Exercise goal
What you return must match the listing below character for character, minus any pictures.

Material for this exercise
'''
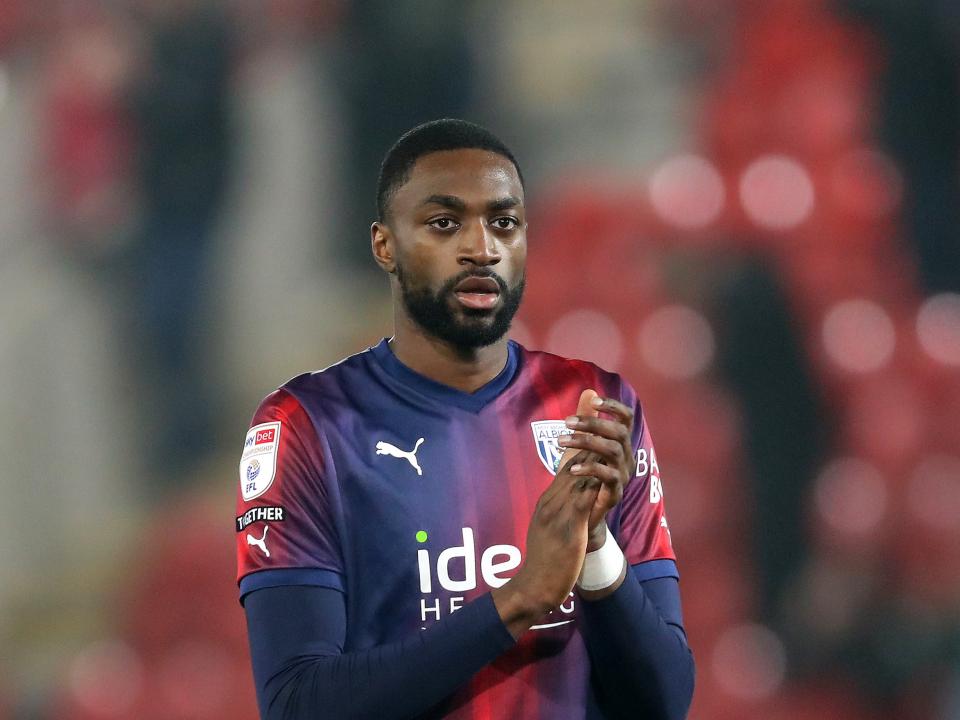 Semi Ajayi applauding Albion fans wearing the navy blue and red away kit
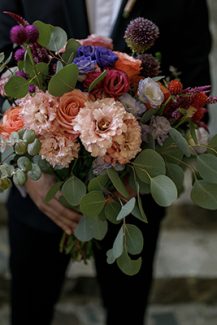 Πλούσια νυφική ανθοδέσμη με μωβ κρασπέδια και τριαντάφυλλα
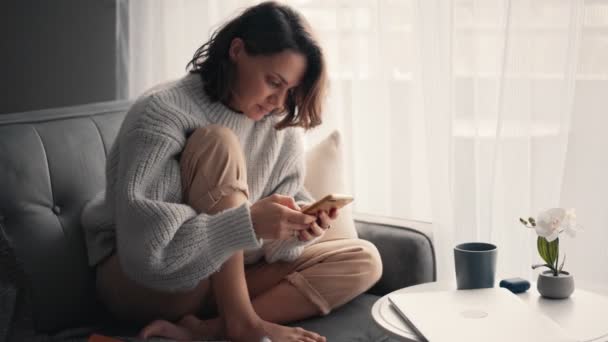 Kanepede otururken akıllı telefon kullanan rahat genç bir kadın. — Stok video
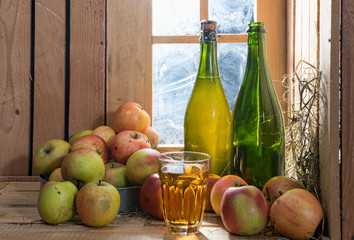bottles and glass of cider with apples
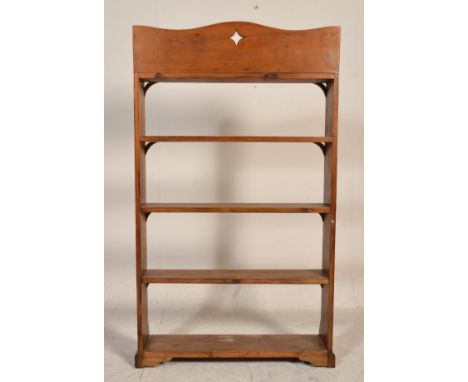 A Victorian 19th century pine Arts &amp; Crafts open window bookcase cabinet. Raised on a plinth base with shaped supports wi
'''
Exercise response
 Semi Ajayi applauding Albion fans wearing the navy blue and red away kit
 Πλούσια νυφική ανθοδέσμη με μωβ κρασπέδια και τριαντάφυλλα
 Kanepede otururken akıllı telefon kullanan rahat genç bir kadın. — Stok video
bottles and glass of cider with apples
 A Victorian 19th century pine Arts &amp; Crafts open window bookcase cabinet. Raised on a plinth base with shaped supports wi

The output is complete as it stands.